Campus eyes on Rome while anticipating commencement

WESTON, MA. Regis College President Antoinette M. Hays, PhD, RN, has announced that Cardinal Seán O’Malley, OFM, Cap., Archbishop of Boston, is scheduled to give the College’s commencement address on May 11 and to receive an honorary degree from Regis.

“After Pope Benedict XVI resigned, we held back our commencement announcement even on campus out of respect for him and the unfolding process, including Cardinal Seán’s participation in the conclave to select a new Pope,” President Hays remarked. “But with regional universities announcing their commencement speakers today, we thought we had better announce before we have to arrange to bring the Cardinal in by Skype!”

The College had confirmed the invitation with the office of the Cardinal last December, with the response that he “is very happy to have received the invitation and is very much looking forward to the occasion.”

Also to receive an honorary degree that day is Kathryn Erat, sponsor of the Erat Scholars program at Regis. Each year, the program identifies a select group of undergraduates to participate in a seminar addressing issues ancient and new in the Church. The seminar is followed by travel together with faculty members to some international site germane to those issues. Regis Erat Scholars have gone to Rome, Israel, China, and Kenya and are scheduled later this coming May to travel to Le Puy, France (the place of origin of the Sisters of St. Joseph of Boston, the sponsoring religious congregation for Regis), Geneva (the UN offices to look at human rights issues), and back to Rome to celebrate fifty years of Vatican II.

The program grew out of Erat’s concern about rising generations who know so little about their faith.

Regis expects to graduate 500 students across a spectrum of degrees ranging from the associate of science to the baccalaureate to the master’s to the doctorate. About 2000 graduate students and undergraduates are enrolled at the historical liberal arts college founded in 1927 twelve miles outside of Boston.

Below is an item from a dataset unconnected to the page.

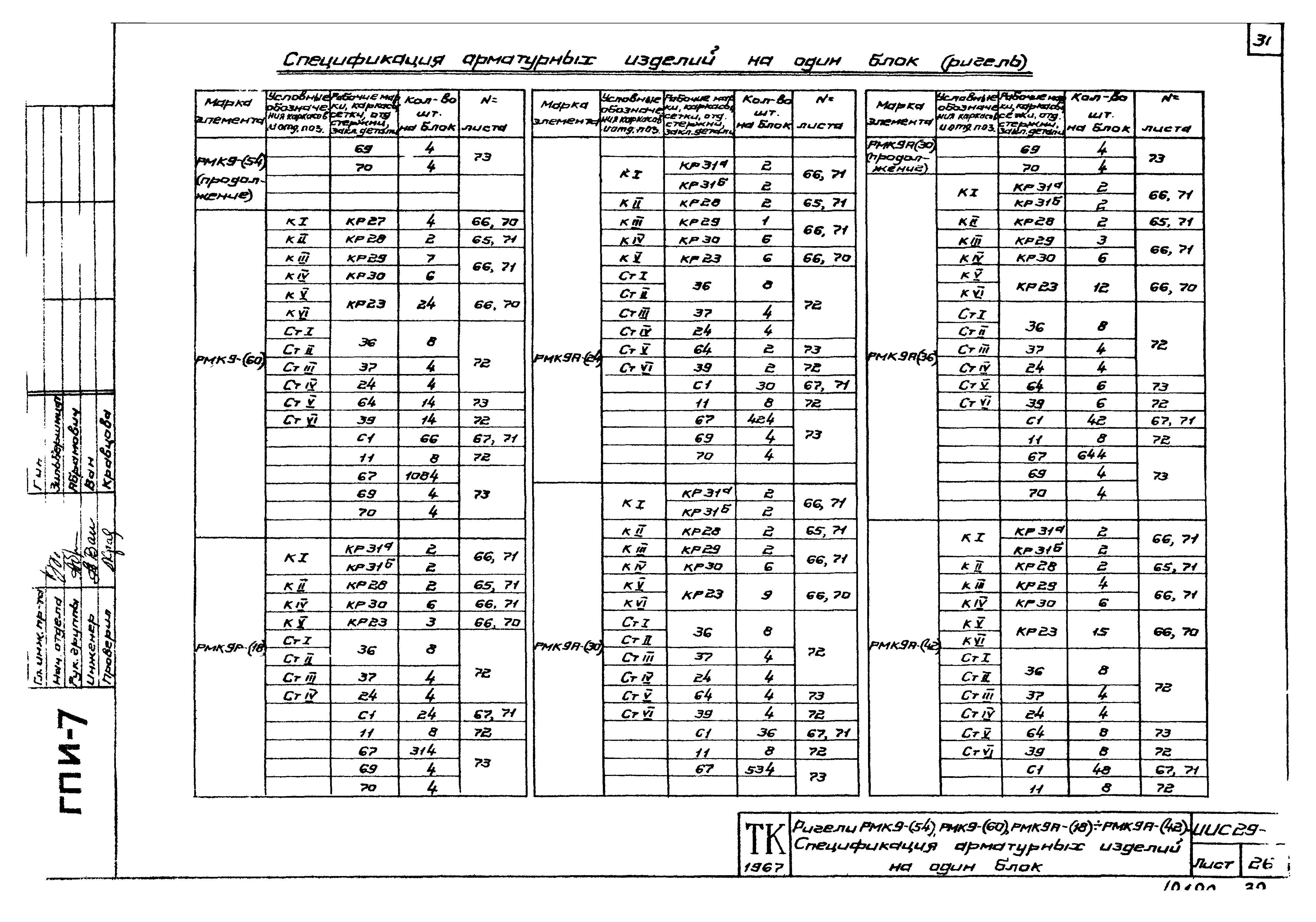 Серия ИИС29-3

“Speaking from a Catholic higher education perspective in which we strive to help our students excel, lead and serve,” President Hays said, “Regis congratulates Cardinal Sean for persevering in re-building trust within our Boston Church, preparing this great ecclesial community for the challenges of the 21st century, and keeping major issues out in front. We consider him a friend, and Regis College alumni, staff, and faculty have supported him in the past decade in various ways on his journey to repair and console a Church wounded by clerical sexual abuse.”

At Hays’ inauguration as president in October, 2011, Cardinal O’Malley presided at Mass and spoke both of friendship and of education as “a central part of the mission of the Church to proclaim the Good News.” He recently made the same observation in Rome by including education on the list of major global needs in the universal Church.

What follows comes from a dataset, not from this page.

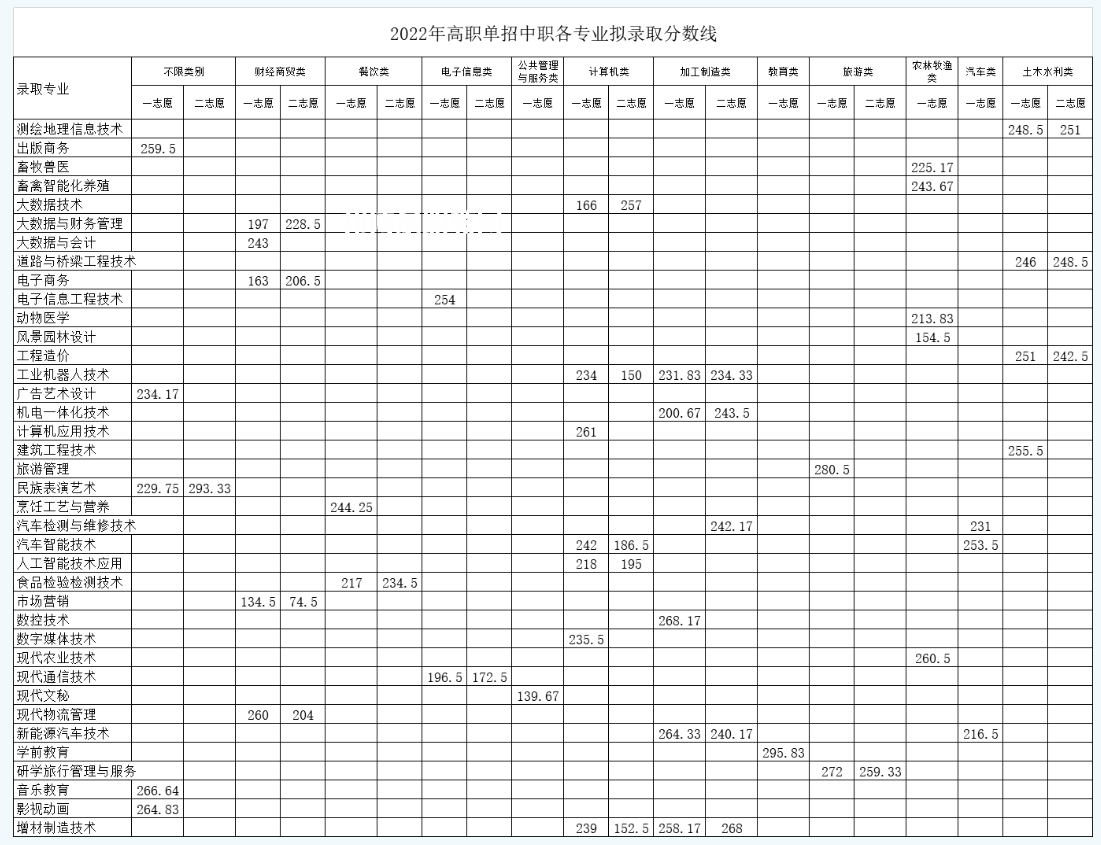 南充職業(yè)技術(shù)學院單招錄取分數(shù)線(2022-2021歷年)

“It was gratifying to me that day,” President Hays said, “to watch the response of our students, who are technologically savvy and incredibly diverse even in their religious convictions, when he alluded to Stanley Hauerwas’ book called Resident Aliens: Life in the Christian Colony and its provocative subtitle: Christian assessment of culture and ministry for people who know that something is wrong.’”

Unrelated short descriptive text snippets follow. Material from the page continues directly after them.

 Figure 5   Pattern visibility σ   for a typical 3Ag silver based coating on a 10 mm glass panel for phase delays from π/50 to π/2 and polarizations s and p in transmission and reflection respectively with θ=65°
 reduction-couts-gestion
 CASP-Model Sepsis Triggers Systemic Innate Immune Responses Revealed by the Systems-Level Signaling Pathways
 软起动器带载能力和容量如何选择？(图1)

“They sat up and listened,” she observed, “when he quoted St. Paul and asked them ‘to have this mind within yourselves which is in Christ Jesus’ and called it ‘No small order for ordinary people.’ But their faces told me they got it and took that order as their own. People all over have been weighing in on what is wrong in our world, what is right about education in making things truer and better, and what a Church we love needs to do to meet that world, and Regis College is all about that.”